E-mail: manojkpatro@gmail.com; born_vss@yahoo.co.in
Introduction: Breast cancer is rapidly emerging as the leading cause of cancer in Indian women. Diagnosis can be made on cytology and histopathology. The use of Immunohistochemistry (IHC) to assess the status of Estrogen receptor (ER), Progesterone receptor (PR) and HER2/neu (Human epidermal growth factor receptor 2) status, can provide information for the oncologist to plan the management protocol.

Aim: To assess the ER, PR, HER2/neu status in cases of carcinoma breast and its correlation with histological grade and other clinicopathological parameters.

Materials and Methods: This study was a prospective study conducted at MKCG MCH Brahmapur, Odisha, India of 82 cases for a period of one year and six months duration (June 2013-December 2014) where in all histopathologically diagnosed cases of breast carcinoma were included. BioGenex kit was used for IHC staining and Dako kit for HER2/neu. Allred scoring was used for ER & PR and Scaff-Bloom-Richardosn for HER2/neu. Statistical analysis was done with SPSS software version 20.0, Fisher’s exact test, Chi-square test and student’s t-test.

Results: In present study, the ER, PR and HER2/neu status were correlating significantly with histological grade. The grade II tumors had low ER/PR positivity, HER2/neu positive, while none of the grade I tumours were ER/PR negative, HER2/neu positive (p<0.001). Around 46 cases (56.6%) in the age group of 41-60 years with a mean age of 50.85 years were found. Infiltrating ductal carcinoma- No Special Type (IDC-NST) being the most common histologic type. Tumours with ER/PR negative, HER2/neu positive subtype was larger size (>5 cm), predominantly of higher histologic and high nuclear grade of modified Scarf-Bloom-Richardson (SBR) grading, with necrosis, vascular invasion and of clinical stage III.

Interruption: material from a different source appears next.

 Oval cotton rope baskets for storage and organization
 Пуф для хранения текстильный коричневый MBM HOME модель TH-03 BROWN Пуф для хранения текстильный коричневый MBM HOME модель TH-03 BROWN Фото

Conclusion: In addition to the established prognostic parameters like histopathological grading and other clinicopathological parameters, hormone receptor status is also very useful and it also correlates well with the former ones. The present observation suggests for incorporation of IHC analysis in routine histopathology reports as they contribute in deciding the treatment protocol.